幸せをつなぐ紅型ヘッドレストカバー~知念紅型研究所~
日本トランスオーシャン航空(JTA)は、お客さまに「より沖縄らしい空の旅」を楽しんでいただけるよう、1年を通じて琉球紅型作品を鑑賞いただけるクラスJ座席ヘッドレストカバーを展開しています(2020年1月~4月までは「城間びんがた工房」による「海中艶」)(https://jta-okinawa.com/jtajournal/shiromabinngata/)
この紅型ヘッドレストカバーシリーズは、紅型三宗家を始めとする紅型職人の協力のもと実現した企画であり、「本格的な紅型の美しさが機内で楽しめる」と非常に好評です
現在機内に展示されている第2弾ヘッドレストカバー(2020年5月~8月まで)を制作したのは「知念紅型研究所」
知念紅型研究所は、琉球王朝時代から続く紅型三宗家の一つで、沖縄を代表する紅型工房です。

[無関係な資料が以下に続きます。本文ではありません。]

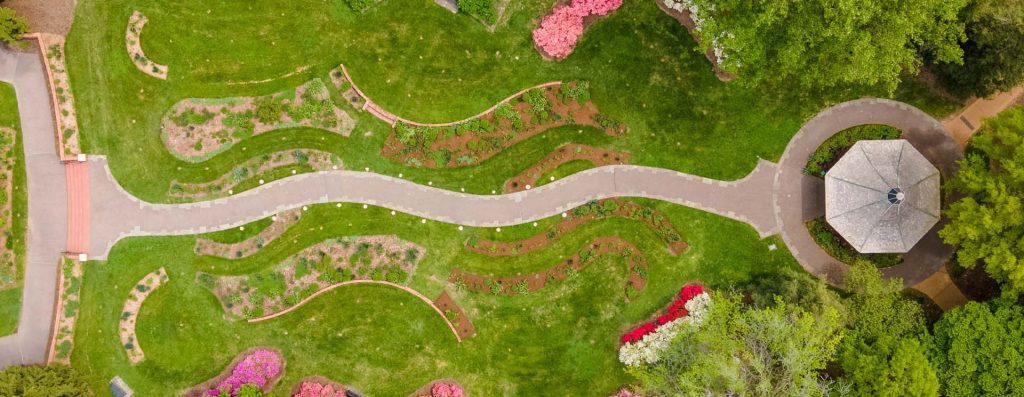 Aerial view of a landscaped garden featuring thoughtfully planned pathways, various flower beds with green and blooming plants, and a gazebo in the right corner showcasing exquisite garden design.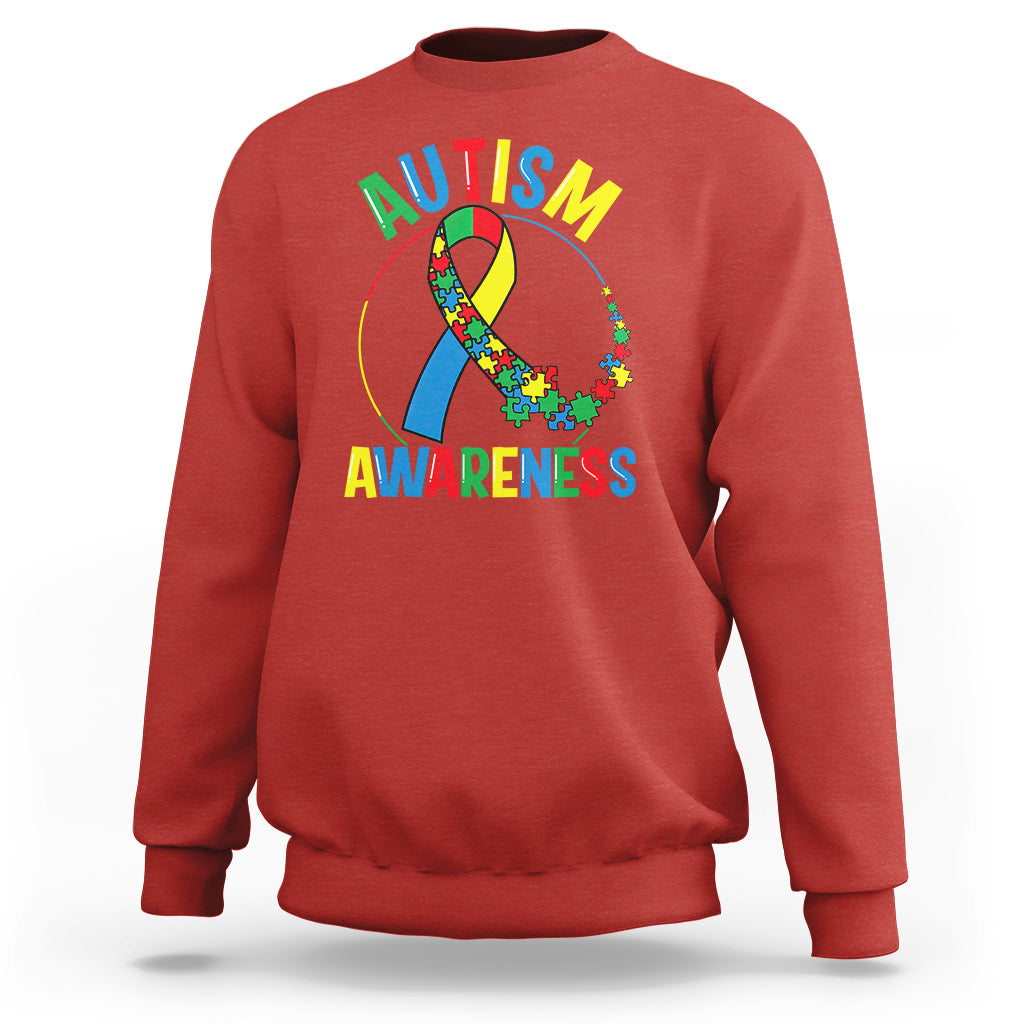Red autism awareness sweatshirt with multicolor puzzle ribbon graphic and text on front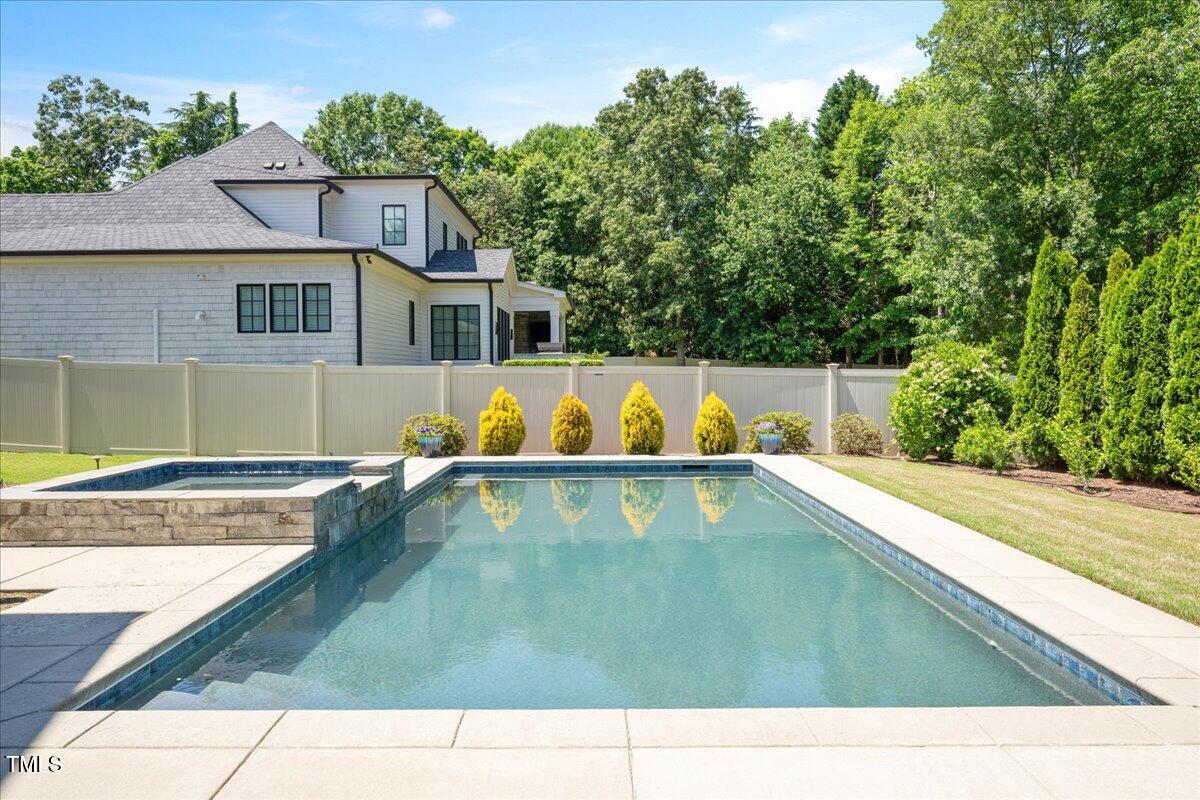 6502 New Market Way Raleigh, NC 27615 - Photo 45 of 54 a view of a swimming pool with a patio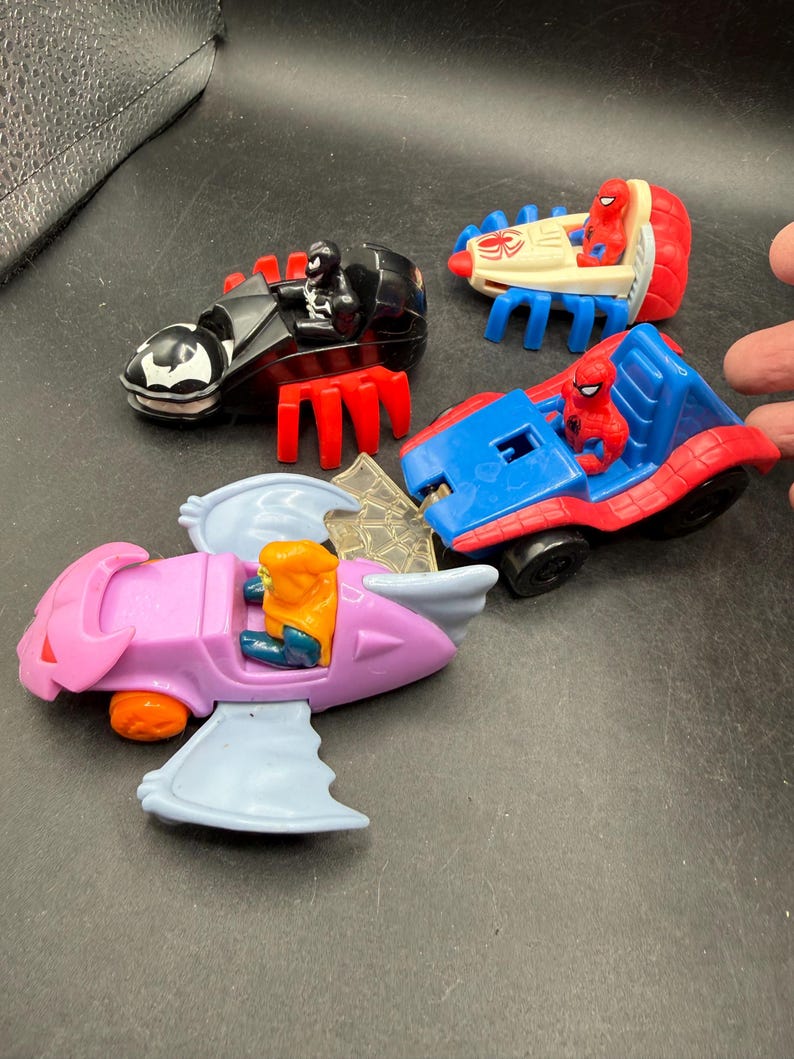 May include: Four toy vehicles featuring superhero characters. Includes a black and red motorcycle with a Venom figure, a red and blue car with a Spider-Man figure, a white and red vehicle with a Spider-Man figure, and a pink aircraft with a figure.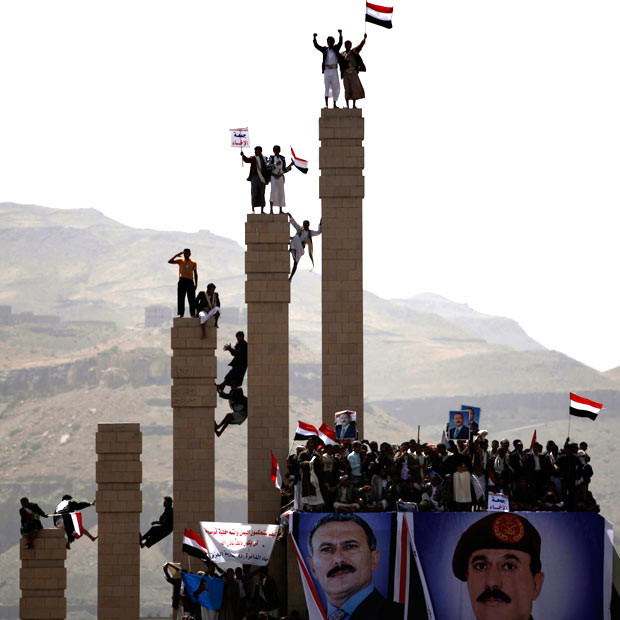 Supporters of Yemen’s President Ali Abdullah Saleh stand on pillars during a rally to show their support, in Sanaa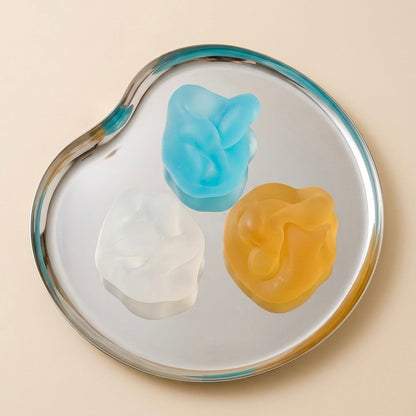 Blue, clear and amber translucent SQUU squishy stress toys for sensory play and satisfying ASMR Matte mochi texture and maximum satisfaction. 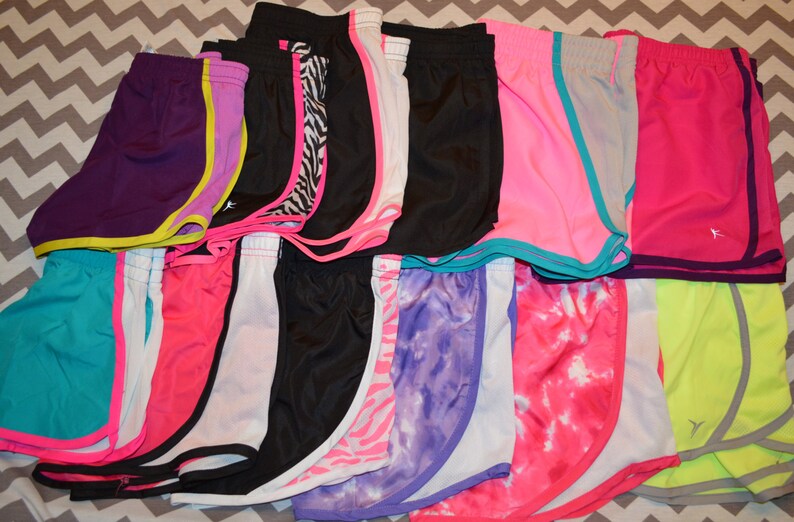 Puede incluir: Una colecci&oacute;n de 15 pares de pantalones cortos deportivos en varios colores y patrones, incluyendo rosa, morado, azul, negro, blanco y amarillo. Los pantalones cortos tienen un ribete de color contrastante alrededor de los bordes.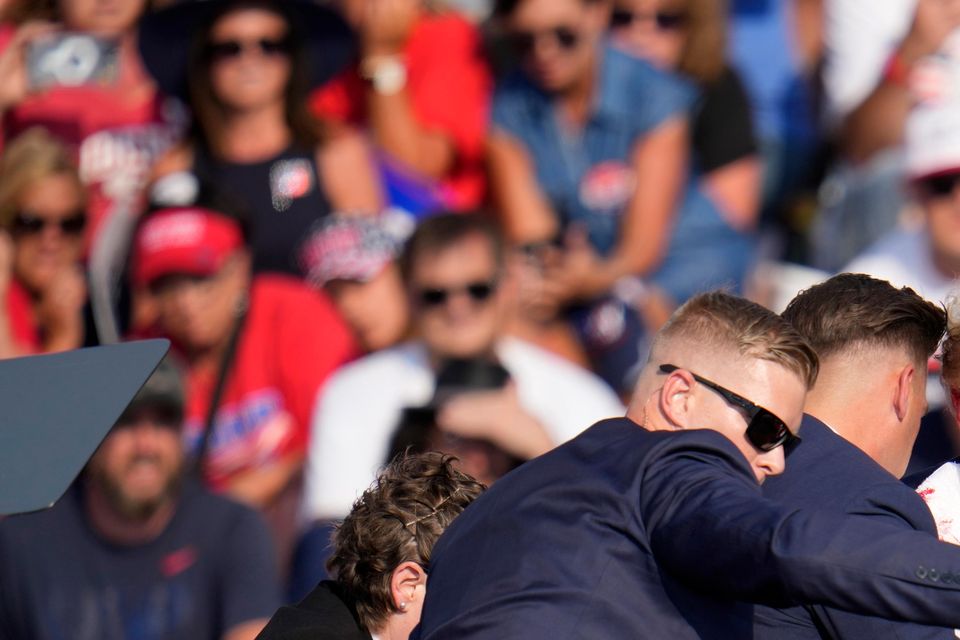 Donald Trump was helped off by bodyguards (Gene J. Puskar/AP)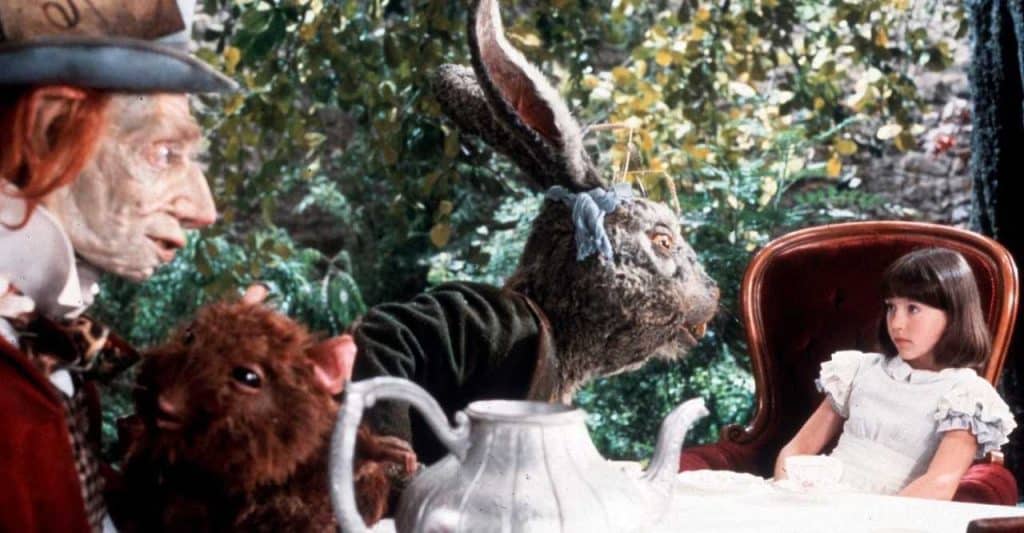 Still image from the 1985 film "Dreamchild" featuring Alice, the March Hare, and the Mad Hatter.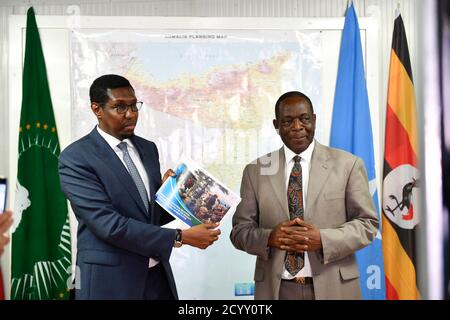 L'Ambassadeur Francisco Madeira (à droite), le Représentant spécial du Président de la Commission de l'Union africaine (CSRC) pour la Somalie, remet un exemplaire du Rapport d'évaluation de l'état de préparation opérationnelle des forces régionales somaliennes à Mohamed Abukar Islow Dualle (à gauche), Le Ministre fédéral somalien de la sécurité intérieure lors d'une cérémonie qui s'est tenue à Mogadiscio le 26 février 2019. Banque D'Images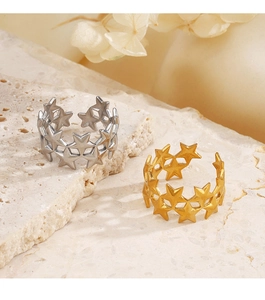 Detail of gold and silver stainless steel open rings with hollow star pattern design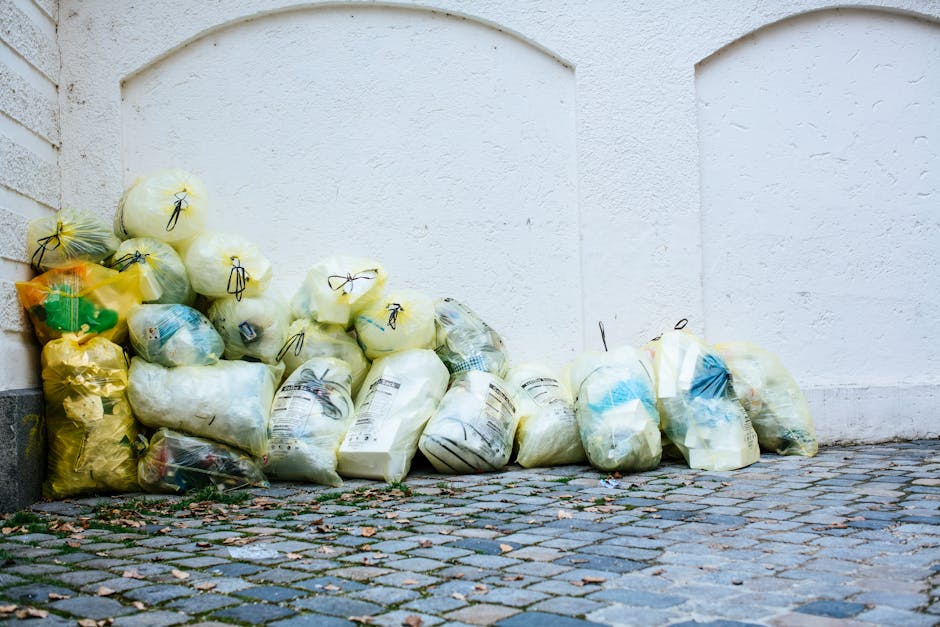 A collection of tightly packed trash bags, primarily made of plastic, with some appearing yellow and others transparent or white, piled against a white textured exterior wall on a cobblestone pavement. The bags vary in size and are filled with waste materials, with some showing visible contents such as packaging or paper. The ground beneath the bags is composed of small, irregularly shaped stones with scattered leaves and debris. The scene is illuminated by natural daylight, casting soft shadows. This setup suggests an outdoor location where waste has been collected for disposal, possibly in connection with private rubbish collection services, such as those provided by Rubbish Collection Belgravia, to avoid hidden rubbish removal charges. The environment is clean and orderly, indicating that the waste is staged for collection or removal, aligning with professional rubbish clearance practices common in urban settings.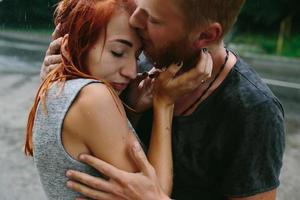 beautiful couple hugging in the rain photo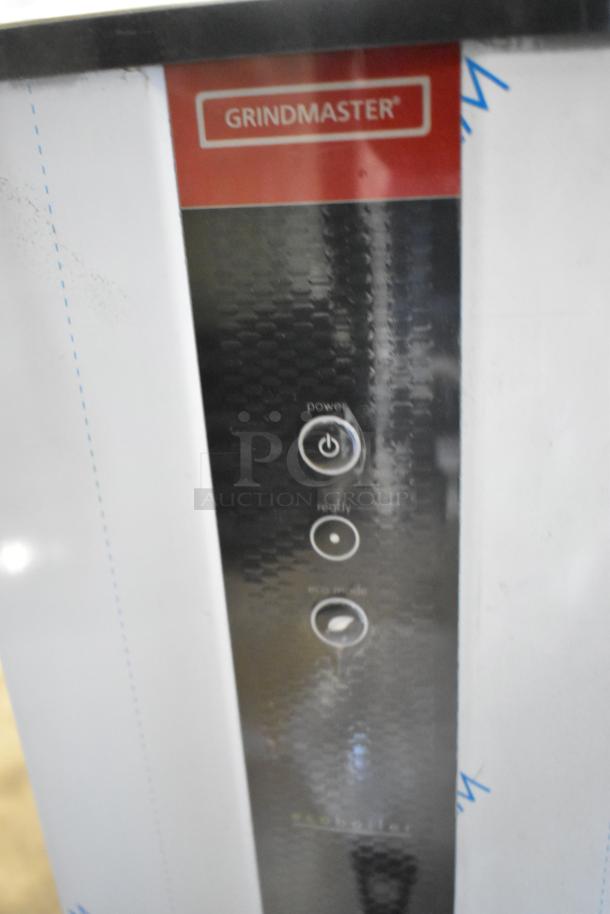 BRAND NEW Grindmaster Ecoboiler T20 hot water dispenser, model 1000662GM, 220V, tap-operated, minor scratches.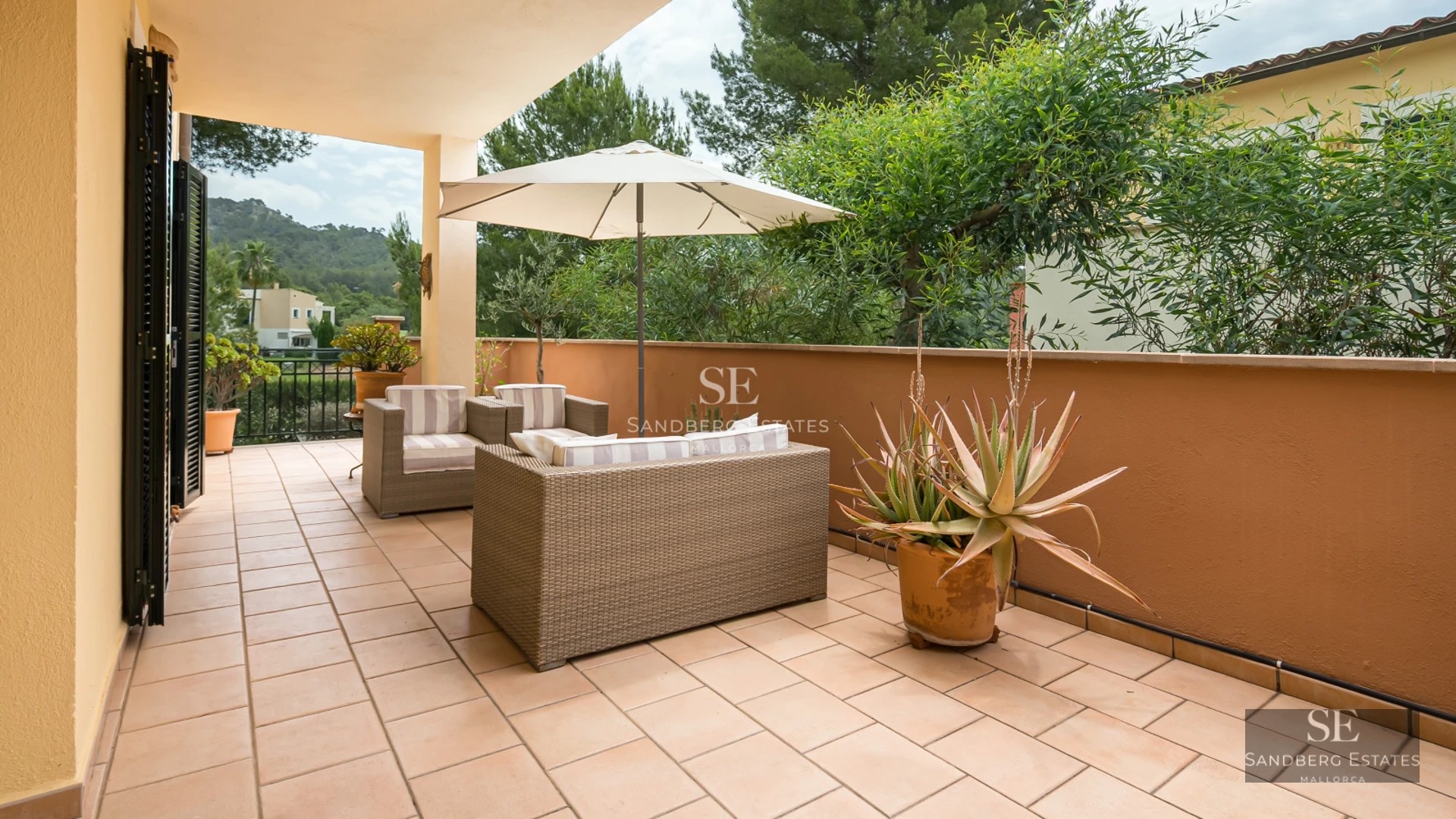 Aerial view of modern villa featuring infinity pool, spacious terraces, minimalist design, and lush gardens. High-quality finishes.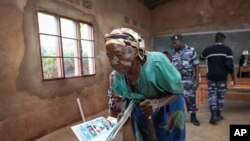 A woman walks to the polling booth to cast her vote in the presidential election, in Giheta, Gitega province, Burundi, May 20, 2020.
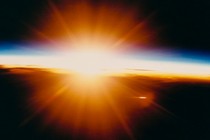 The sun shines brightly over the Earth's atmosphere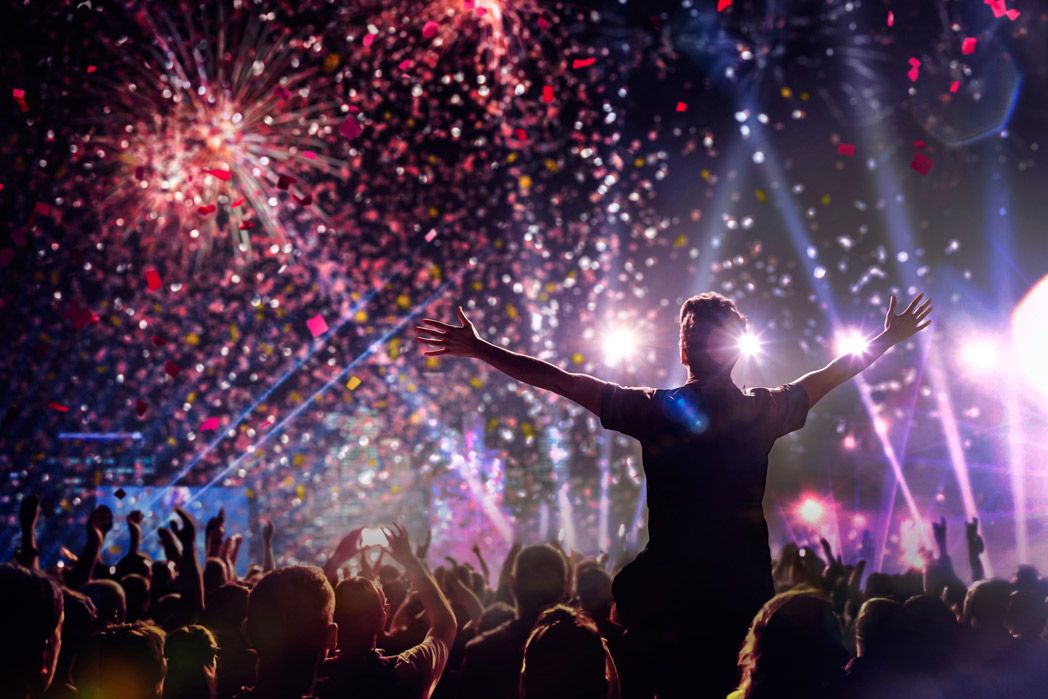 Fireworks at Festival and man on shoulders enjoying the show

今回、JTA客室乗務員 外間が知念紅型研究所を訪問し、10代当主・知念冬馬さんに紅型の魅力についてお話を伺いました。
知念紅型研究所の紅型の特徴
外間
知念紅型研究所の特徴は、どのようなものでしょうか?
知念
私の祖父、知念貞男が「竹」や「ふくら雀」の柄が好きだったので、それを使った柄が多い事です。天に向かってまっすぐ伸び、生育が早く丈夫な「竹」は気高さや力強さを、ふっくらと丸い姿の「ふくら雀」は豊かさや繁栄を表しています。
また「知念家」の紅型は、私たち「知念紅型研究所」と「知念びんがた工房」の2つの家が受け継いでいるのですが、戦前の古典柄が多く残っているという特徴があります。
外間
それは何故ですか?
知念
戦前、紅型の需要が少ない時期があり、知念家でも紅型を作れない時期がありました。
そのような時期に、人間国宝・鎌倉芳太郎が研究で沖縄に来ていました。そこで琉球王朝時代から残っていた、知念家の所蔵を多く含む型紙約2,000枚を鎌倉芳太郎へ譲ったと聞いています。
外間
そんなに沢山!すごいですね
知念
知念家の先祖も、型紙や資料などを形として、どうにか残していきたかったんだと思います。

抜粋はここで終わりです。